Go to the line containing "päivänkakkara amatsoniitti korvakorukoukut" below; retype it and all following lines exactly, and leave out the pictures.
====== Provided records
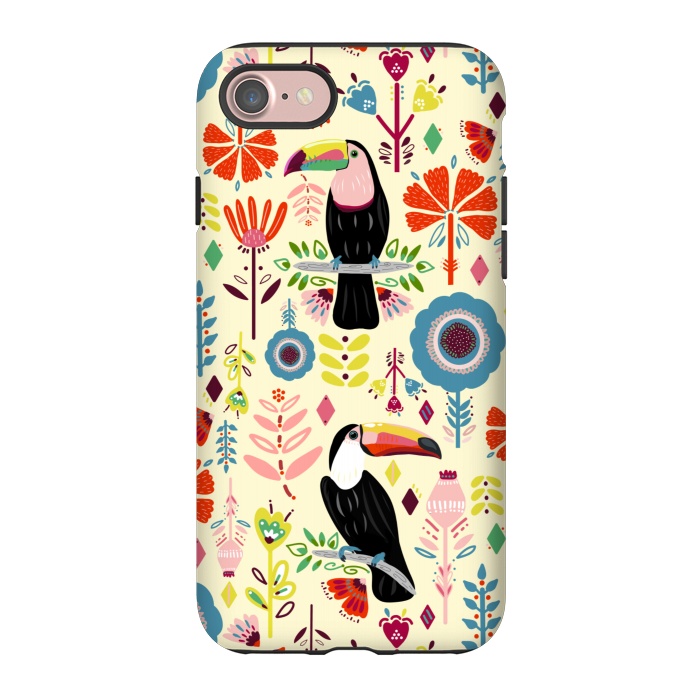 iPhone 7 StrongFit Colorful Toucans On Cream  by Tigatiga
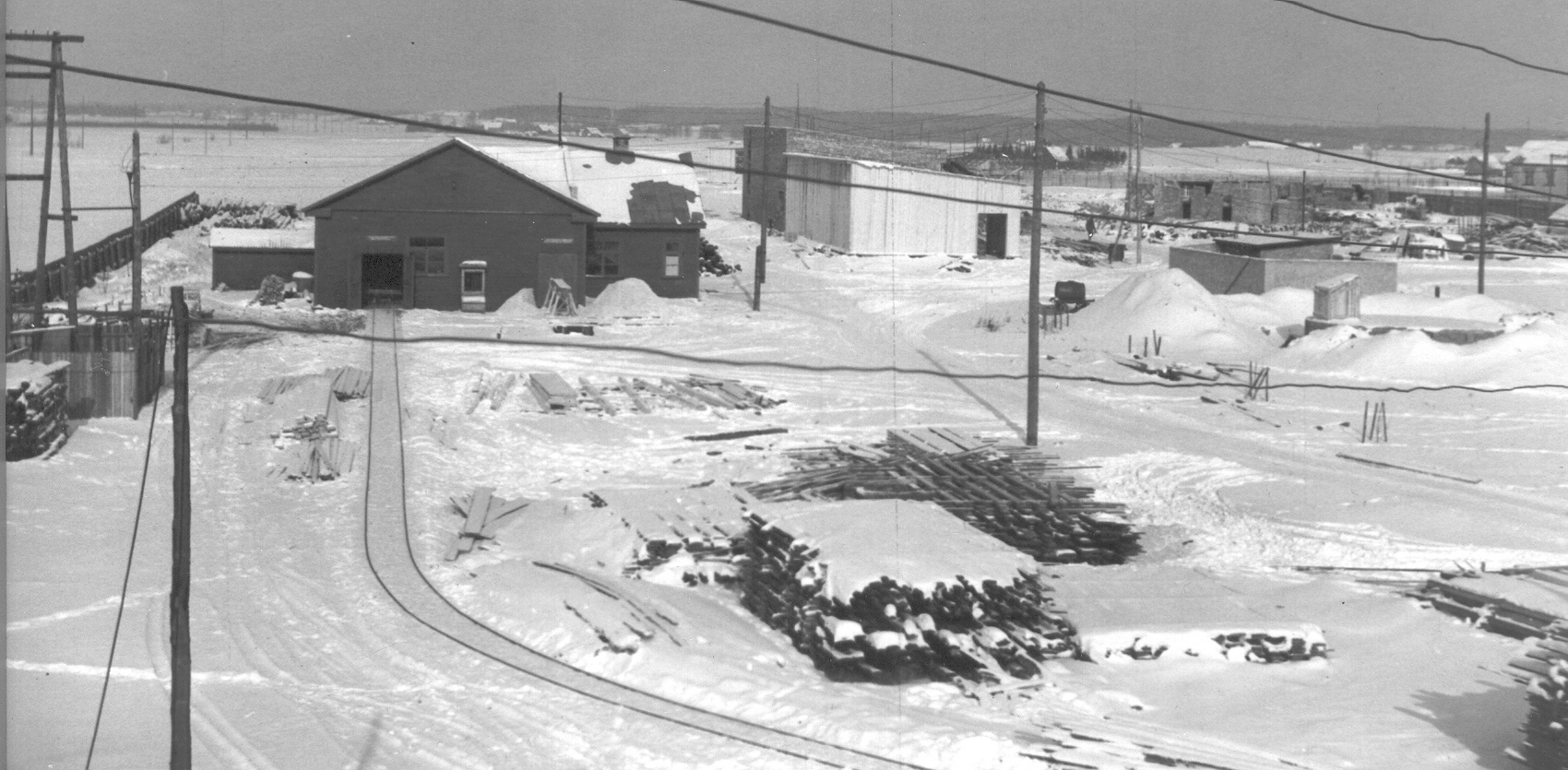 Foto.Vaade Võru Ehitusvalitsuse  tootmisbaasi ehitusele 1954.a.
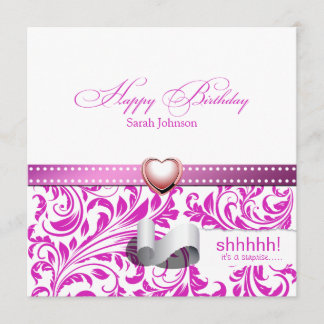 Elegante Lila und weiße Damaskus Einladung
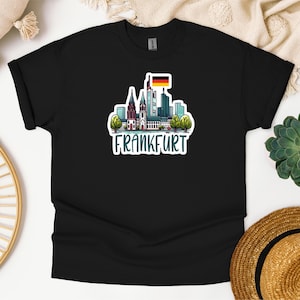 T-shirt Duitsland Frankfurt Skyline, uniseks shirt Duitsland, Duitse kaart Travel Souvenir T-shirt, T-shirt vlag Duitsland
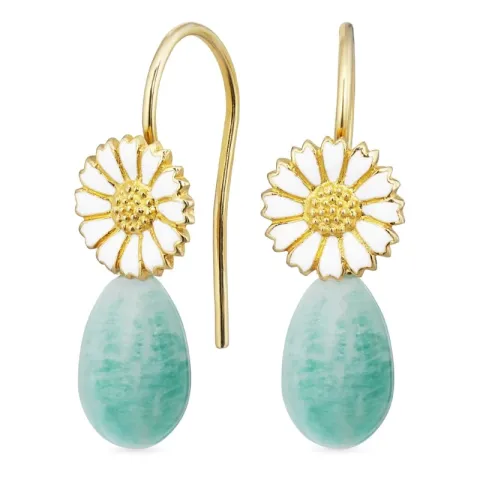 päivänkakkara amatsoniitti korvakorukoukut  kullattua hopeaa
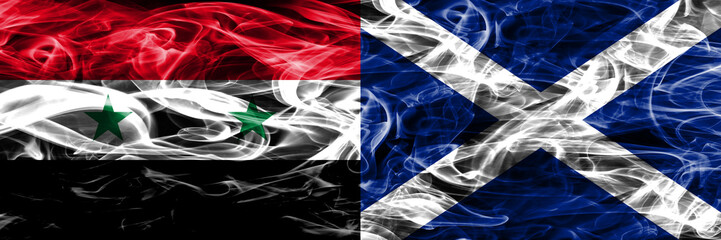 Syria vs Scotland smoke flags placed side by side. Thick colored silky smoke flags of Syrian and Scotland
============
■ **Reply**
 päivänkakkara amatsoniitti korvakorukoukut  kullattua hopeaa
 Syria vs Scotland smoke flags placed side by side. Thick colored silky smoke flags of Syrian and Scotland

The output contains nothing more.